Cultivate reliable news sources. Not just those that confirm your biases. There are reliable and truthful reporters you can find if you try. Local news? I humbly suggest your best bet is this newspaper. If we make a mistake, we acknowledge and rectify it. What we don’t do is, when we hear a rumor, post it before fact checking it. So, if you are catastrophe-surfing, hoping for gnarly gossip—you won’t find it here. We’re kind of boring. We believe in facts, except when we do our annual April 1 prank.
I’ve been in the news business awhile. It has become second nature to spot badly sourced news and to do my own research when I read something that sounds funny (I don’t mean spoken by a clown, although that too is a good indication.) I can’t expect average readers to be that penetrating since, after all, they do have lives.
Here’s a tip: If something sounds too good to be true or too bad to be true, it’s probably not. When you read something you want to be true so much your entire being starts to vibrate, it’s probably not. You can file most of the U.S. media’s many “The Trump presidency is going to end,” stories over the last 3 ½ years in that wish fulfillment category. Any story that began “Russian Collusion,” “Robert Mueller,” “the Ukraine phone call,” “will bring Trump down” fits that.
Three terms I have come to hate with the white hot passion of a thousand suns are: “social distancing,” “essential business” and “the new normal.”
As part of your new normal, prepare to become an unintentional vegetarian. I’m a mainly-on-purpose vegetarian, but our self-induced Depression has pushed the meat industry into a tail-spin. I actually like meat, but my stomach doesn’t. Unfortunately, many of you will probably be joining me—but not by choice.
What a trifecta of pleasure for our liberal friends! Meat farmers forced to euthanize and abort thousands of piglets and chickens because there’s no market for them as many restaurants aren’t functioning. And because meat processing involves workers in close proximity. For the extreme Bernie and AOC progressive wing this is cool because it harms a “big” business, decreases the carbon footprint (so would a mass depopulation event) and it involves aborting things. Woo-hoo!
As for “essential business,” I want to find the bureaucrat who invented that term, and to whom it obviously does not apply, and ask him to publicly defend what about his job makes it “essential.”
Finally, some positives to our society-wide impositions” This could drive a stake through the heart of efforts to switch highway money to more mass transit. Obviously mass transit isn’t a safe mode of travel if you want to “social distance.” We shouldn’t get rid of it, but we definitely shouldn’t force more people into crowded buses and trains.

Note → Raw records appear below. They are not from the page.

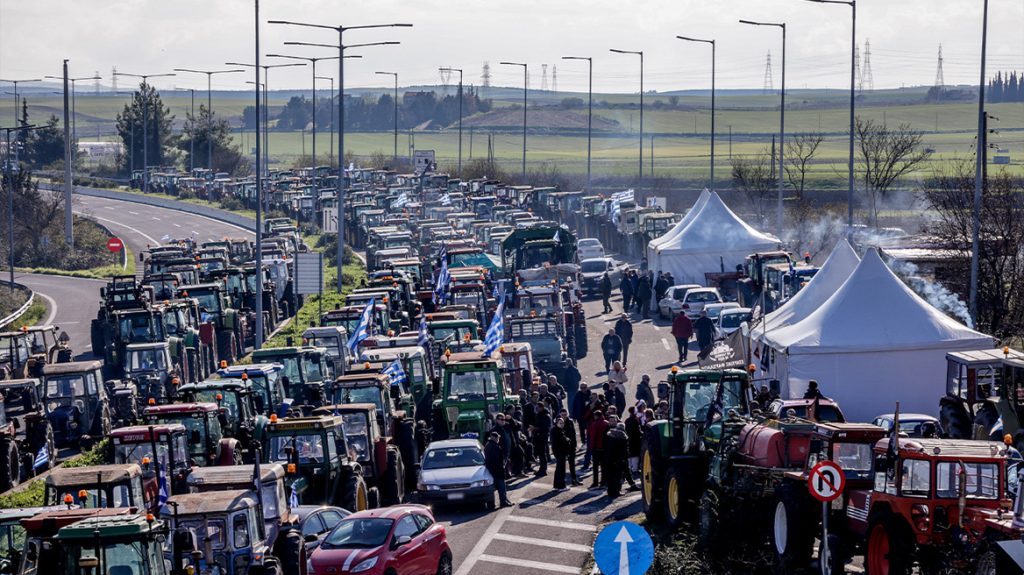 ΠΑΣΟΚ κατά κυβέρνησης: «Η κυβέρνηση σαν βαμπίρ έπεσε πάνω στις επιδοτήσεις για να τις μοιράσει σε ‘Φραπέδες’»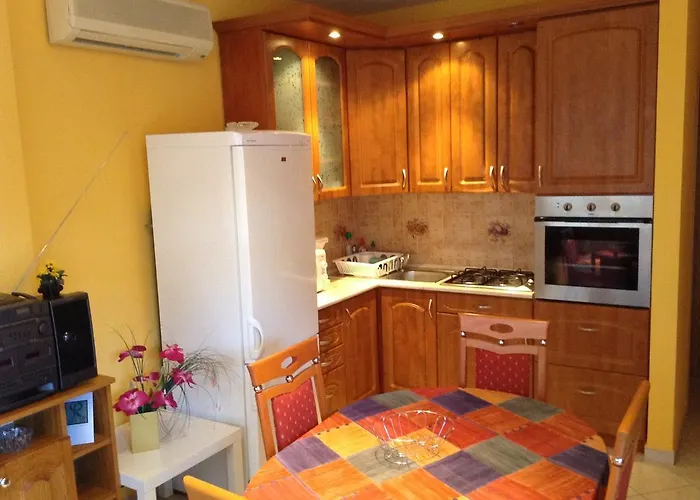 Apartment Babati Apartmanhaz *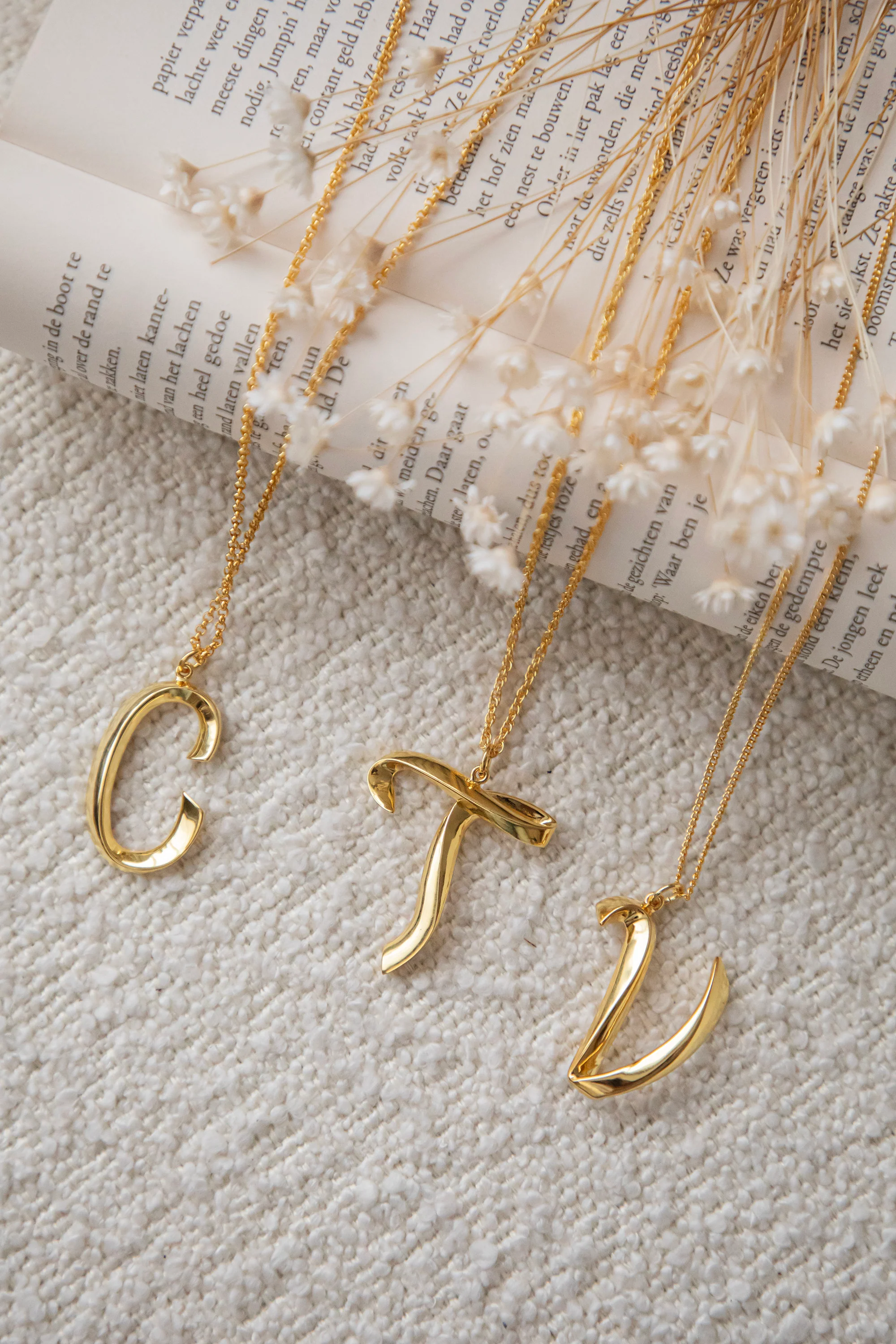 Alphabet C Gold - Ketting - Image 6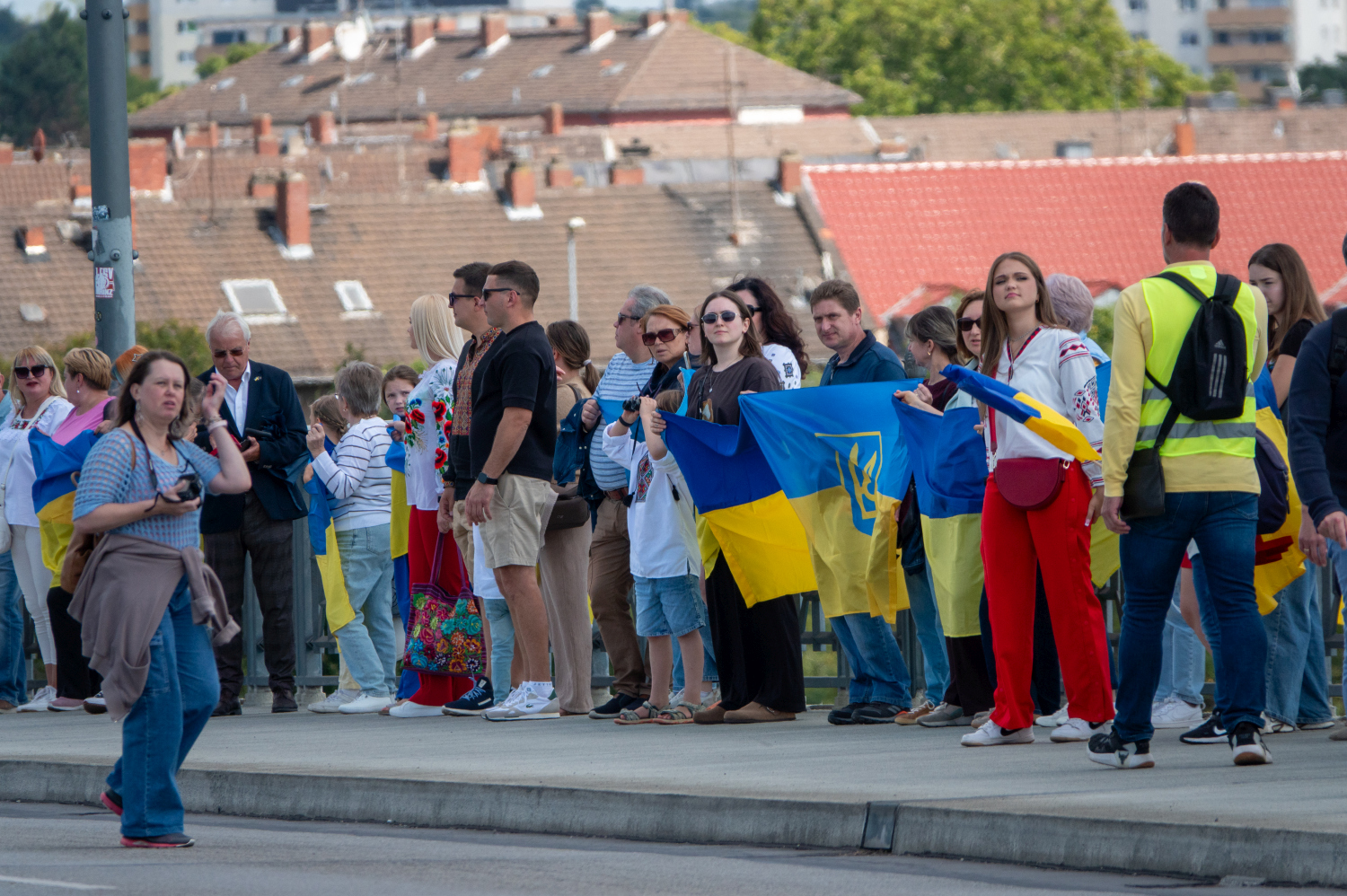 Menschenkette auf der Theodor-Heuss-Brücke: Wiesbaden und Mainz senden starkes Signal für die Ukraine am Sonntag, 24. August 2025.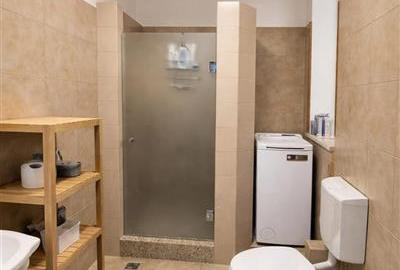 Apartament spatios cu 4 camere in inima orasului, ideal locuinta sau investitie - 14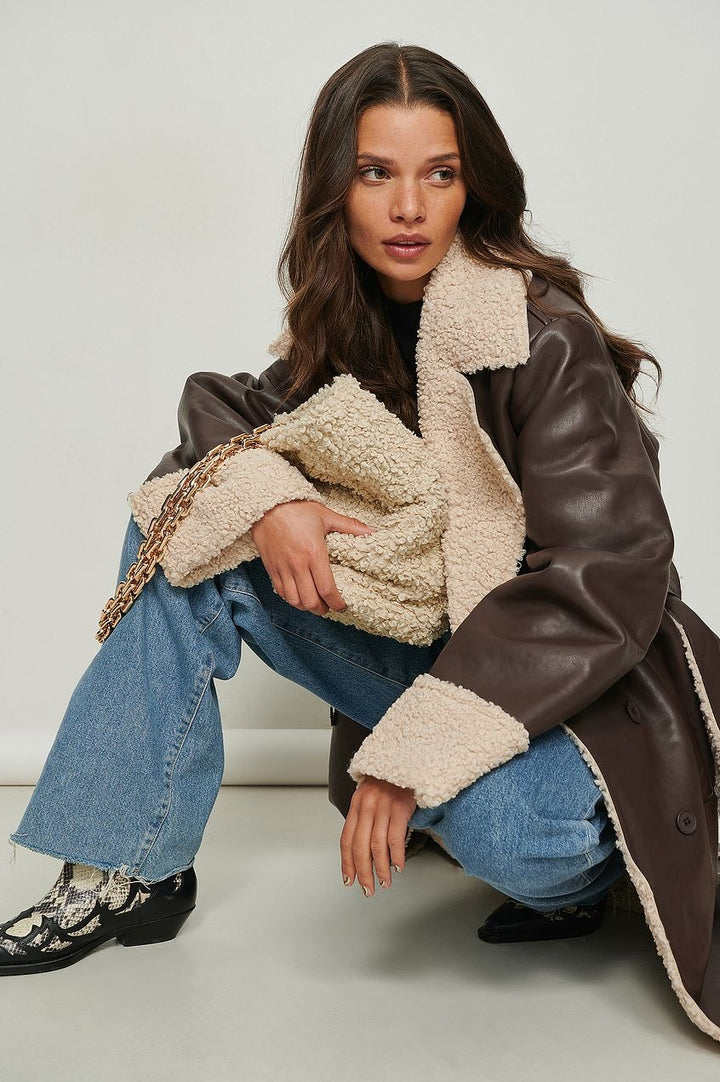Manteau en faux cuir à détail en peluche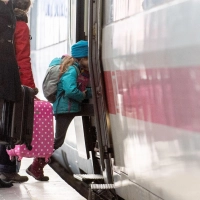 Sommerferien im Anmarsch: Die Bahn verkauft Familientickets zum Festpreis – ein Kind muss mitfahren, bis zu zwei Erwachsene dürfen mit. (Foto: Zacharie Scheurer/dpa-tmn)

Parents can spend more time with their children. Perhaps deprogram them from the extreme environmentalism, the “diversity is more important than anything” and “America is an evil place with a depraved history” propaganda constantly poured in their ears by schools. With luck, some parents will take advantage of this time to educate the kids about the proud history of a nation we are all sacrificing so much to preserve.